山東省と日本企業の経済交流促進を目的に開かれた「2018 中国山東省(東京)経済合作懇談会」にはおよそ300名が出席した

中国・山東省政府は3月9日、山東省と日本企業の経済交流促進を目的に「2018 中国山東省(東京)経済合作懇談会」を東京都内のホテルで開催。日中の関係者およそ300名が出席した。 山東省からは商務庁の佘春明 庁長をはじめ、済南市や煙台市など主要都市の副市長が出席し、各市の利点をPR。一方、日本からは現在山東省に進出している主要企業や進出を考える企業関係者などが出席し、交流した。
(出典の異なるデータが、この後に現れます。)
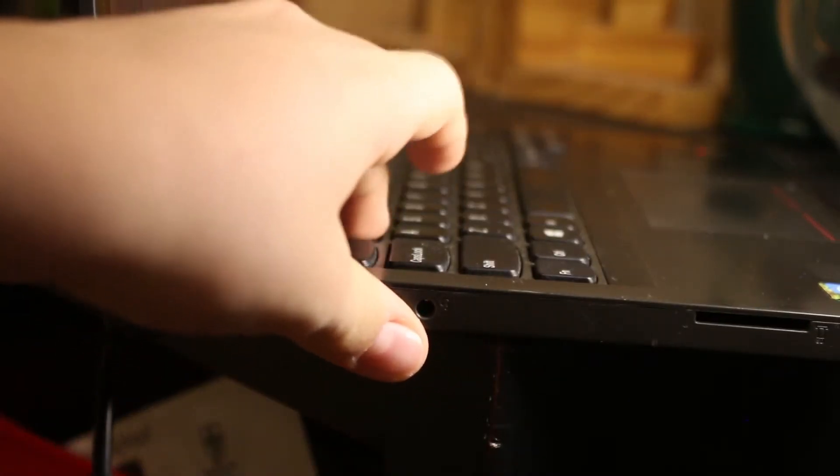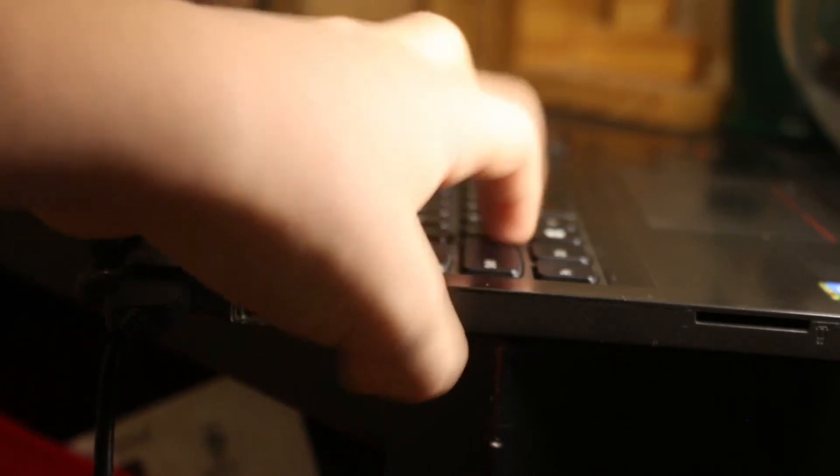Now onto the keyboard, which is definitely the best part of the laptop. The keyboard has basically no flex, with plenty of key travel and a very nice feel to it. The keys don't really wiggle around much and it's very comfortable to type on. It's probably my favourite keyboard I've used, probably even better than a mechanical keyboard, but that's just my personal opinion.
山東省は北京と上海の中間に位置する、GDP中国3位の経済規模を誇る省。約15万km2の面積におよそ1億人の人口を抱える。冒頭、中国・駐日本国大使館 宋耀明 公使や日中経済協会 伊澤正 理事長、JETRO(日本貿易振興機構)水井修 理事が挨拶。それぞれに山東省と日本企業との長い歴史や深いつながりを説明した。同省が取り組んでいる「成長エンジンの切り替え」と呼ぶ経済振興戦略についても言及した。
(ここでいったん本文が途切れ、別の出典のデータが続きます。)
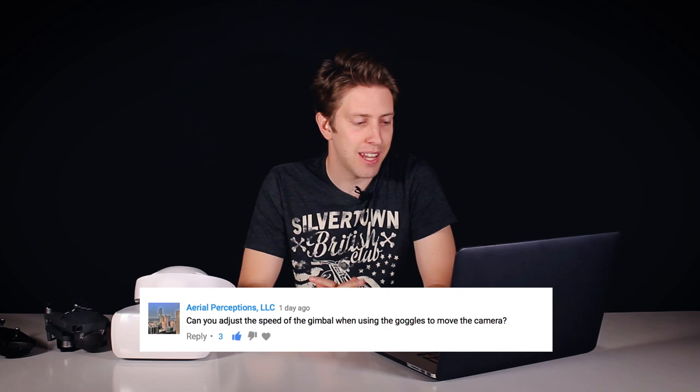Aerial Perceptions LLC is asking if you can adjust the speed of the gimbal when using the goggles to move the camera. The answer is: it depends. If you use the remote controller, you can adjust the gimbal speed when moving the camera with the controller. However, if you're wearing the goggles and using the gimbal mode, panning the camera with the goggles, the sensitivity adjusted on the controller won't affect the goggles. Inside the goggles you cannot adjust the sensitivity, and it wouldn't make sense — if you pan your head left, you wouldn't want the camera to take 10 seconds to follow, as that would be really distressing and could cause headaches.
さらに、商務庁の佘春明 庁長が基調講演を行い、山東省の現状や経済政策について、次のように説明した。

山東省の2017年のGDPは7.3兆元、経済成長率は7.4%と、中国経済発展の最も活力と潜在力のある地域。例えば、消費財の消費額は9.8%増の3.4兆元で広東省に次ぐ中国第2位。特に自動車の保有台数は中国で最も多い。日本は山東省の対外経済貿易で最も重要なパートナーのひとつで、貿易額は第5位。紡績・アパレル・文化製品では最大の輸出先になっている。昨年の貿易総額は1446.5億元にのぼり、前年比で13.9%増加している。

日本企業の進出も盛んで、小松製作所やイオンなどを筆頭に累計1456社が進出し、105億ドルの投資を行ってきた。一方、ハイセンスが東芝の事業を買収するなど、山東省企業の日本企業への投資も盛んで、累計237社が25.2億元を投資してきた。

「成長エンジンの切り替え」戦略で、日本企業との投資・貿易交流の活性化も目指しており、特に先端型製造業、化学、情報、農業、福祉、観光などをはじめとする10分野に力を入れる。

こうした新技術や新産業などによって、AIの産業化や異業種の融合化などを進め、新興産業の規模を拡大しブランド価値向上などに取り組んでいく。省政府が600億元のファンドを用意、さらにその他の民間のファンドを合わせると総計6000億のファンドが用意。すでにおよそ600のプロジェクトが走っている。